Both files (reference and MRTKLIB output) are parsed into dictionaries keyed by GPS time string. Only common epochs (epochs present in both files) are used.

Text Only
ref_data  = { "2025/04/01 00:00:00.000" : (lat, lon, h, Q), ... }
test_data = { "2025/04/01 00:00:00.000" : (lat, lon, h, Q), ... }
common    = sorted(ref_data.keys() & test_data.keys())

Step 2 — Per-epoch ENU error

For each common epoch, the two coordinates are differenced in ECEF and projected into the local ENU frame at the reference position:

Text Only
ref_xyz  = blh2xyz(ref_lat, ref_lon, ref_h)    # WGS84 → ECEF
test_xyz = blh2xyz(test_lat, test_lon, test_h)
dx       = test_xyz − ref_xyz                   # ECEF difference
enu      = xyz2enu(dx, ref_lat, ref_lon)        # → local ENU [m]

The ENU origin shifts epoch-by-epoch with the reference position.

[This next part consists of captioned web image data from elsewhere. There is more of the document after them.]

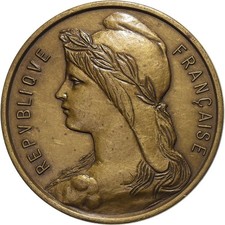 [#397874] France, Medal, Ville de Vorey-sur-Arzon, Gilt Bronze, EF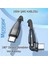 Type-C 180 Derece Döner Başlıklı 100W Hızlı LED Işıklı Şarj KABLOSU-AL4789 5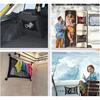 2 Pack Small Cargo Net Pocket Storage Mesh Net Elastic Automotive Cargo Nets Storage Pouch For Car Trunk Net, RV, Boat Storage Mesh Pocket Net With 8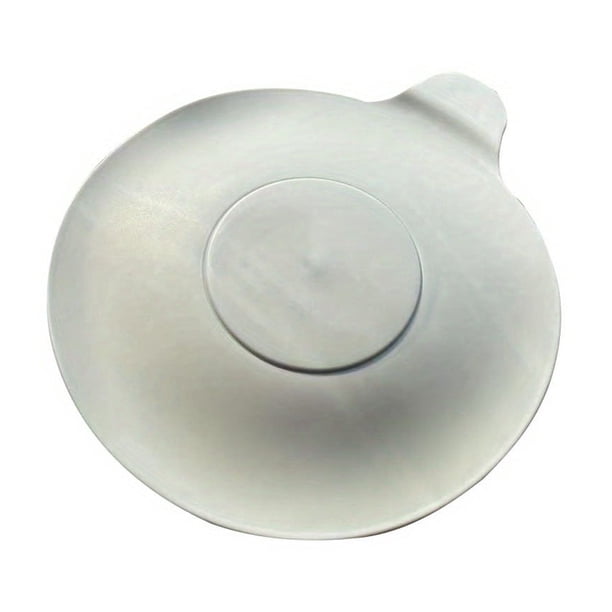 Stop Drain Clogs with our Silicone Recyclable Rubber Bathtub Drain Stopper - Universal Size for Sinks, Bathroom, Kitchen, Laundry, and Floor Drains - Gray and Blue - 1pc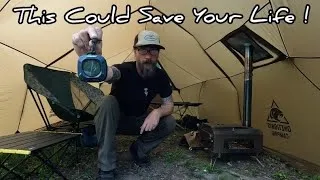 Thumbnail: Must Have Gear For Hot Tent Safety - Feat. @Itehil 3 in 1 Carbon Monoxide Detector 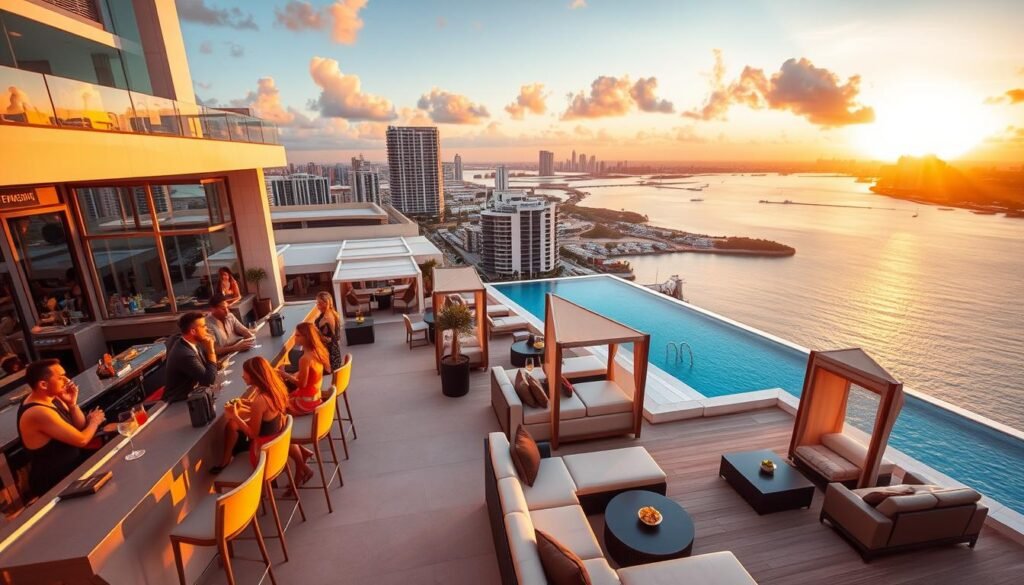 luxury rooftop experience Miami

Step 3 — 3D RMS and fix-rate delta

Text Only
3D error per epoch = ||enu||
3D RMS             = sqrt( mean( 3D_error² ) )
fix rate           = fraction of epochs with Q = 1 (fix) or Q = 6 (PPP)
fix_delta          = test_fix_rate − ref_fix_rate

Step 4 — Pass/Fail criteria

A test passes when both of the following hold:

Criterion Threshold
3D RMS < tolerance see table below
fix_delta ≥ −X% −1.0% for PPP/PPP-AR, −5.0% for PPP-RTK/VRS-RTK

Tolerance Values

Tolerances encode the expected residual difference between MRTKLIB and upstream after accounting for known numerical divergence sources.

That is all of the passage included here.